ContinuumIO / anaconda-package-data

Conda package download data
Creative Commons Attribution 4.0 International
98 stars 36 forks source link

Pandas/pyArrow/read_parquet error #47

Closed phwuil closed 11 months ago

phwuil commented 11 months ago

As requested by @sophiamyang , I pass on an issue I opened for condastats since this package depends on the data pipeline in this very repo :

Description

Unable to use condastats.cli.overall (internal error on pandas->pyArrow)

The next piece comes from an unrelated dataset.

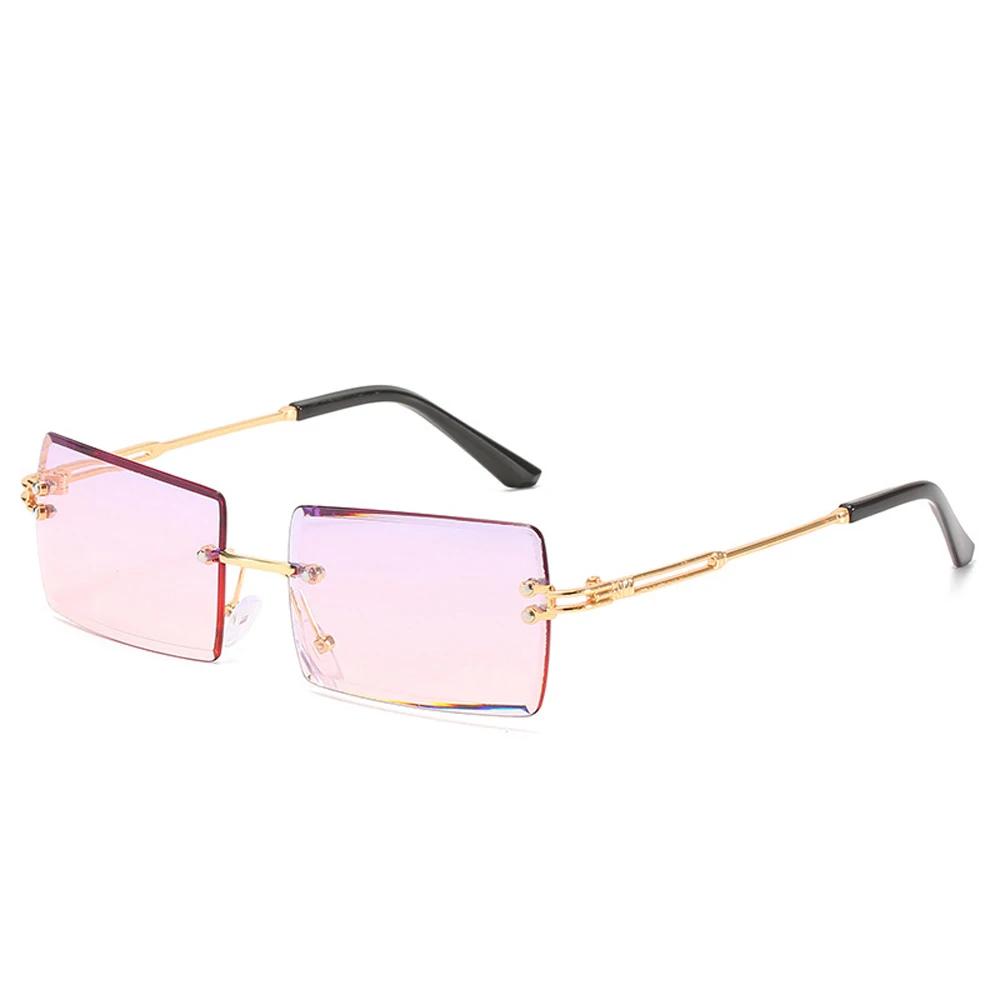 Rimless Rectangle Sun Glasses For Stylish Women And Men In Fashionable Brown Shades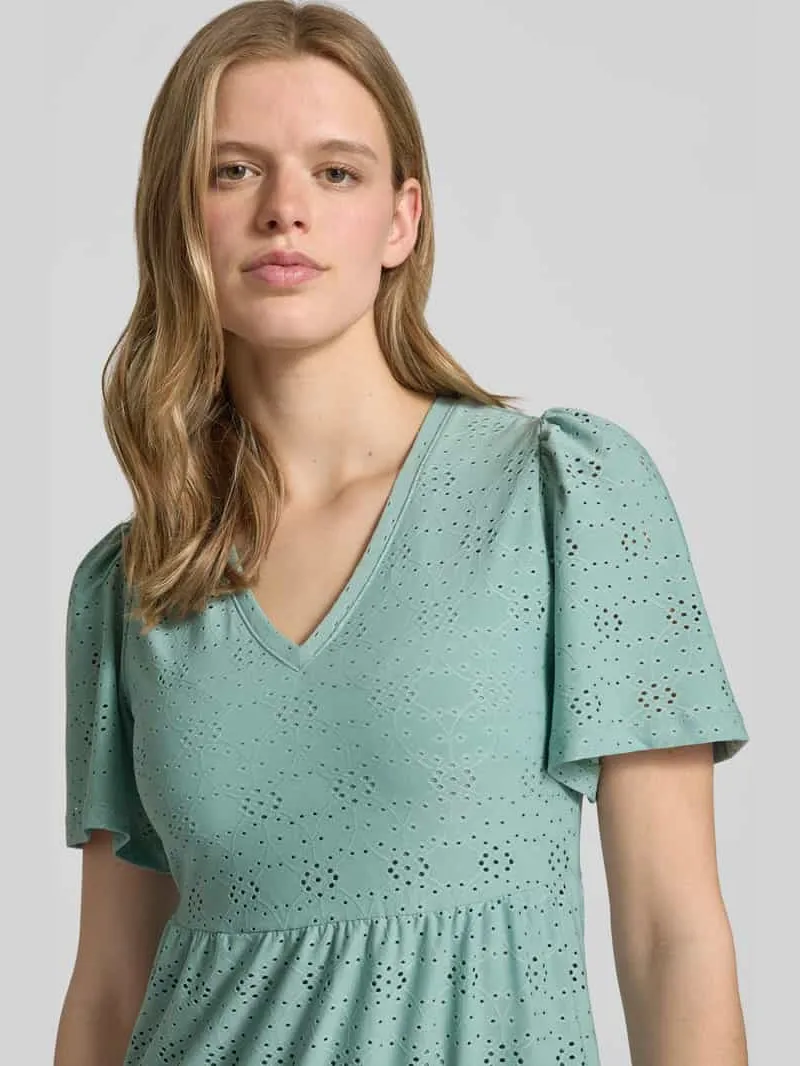 Only Mini-vrijetijdsjurk met ajourpatroon model 'SMILLA LIFE' rietgroen, foto 5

    dataconda = condastats.cli.overall([conda_module], monthly=True)
                ^^^^^^^^^^^^^^^^^^^^^^^^^^^^^^^^^^^^^^^^^^^^^^^^^^^^
  File "[...]/lib/python3.11/site-packages/condastats/cli.py", line 62, in overall
    df = dd.read_parquet(
         ^^^^^^^^^^^^^^^^
  File "[...]/python3.11/site-packages/dask/backends.py", line 138, in wrapper
    raise type(e)(
ValueError: An error occurred while calling the read_parquet method registered to the pandas backend.
Original Message: ArrowStringArray requires a PyArrow (chunked) array of string type
phwuil commented 11 months ago

I found it thanks to @nicrie : pandas<2.0.0 is required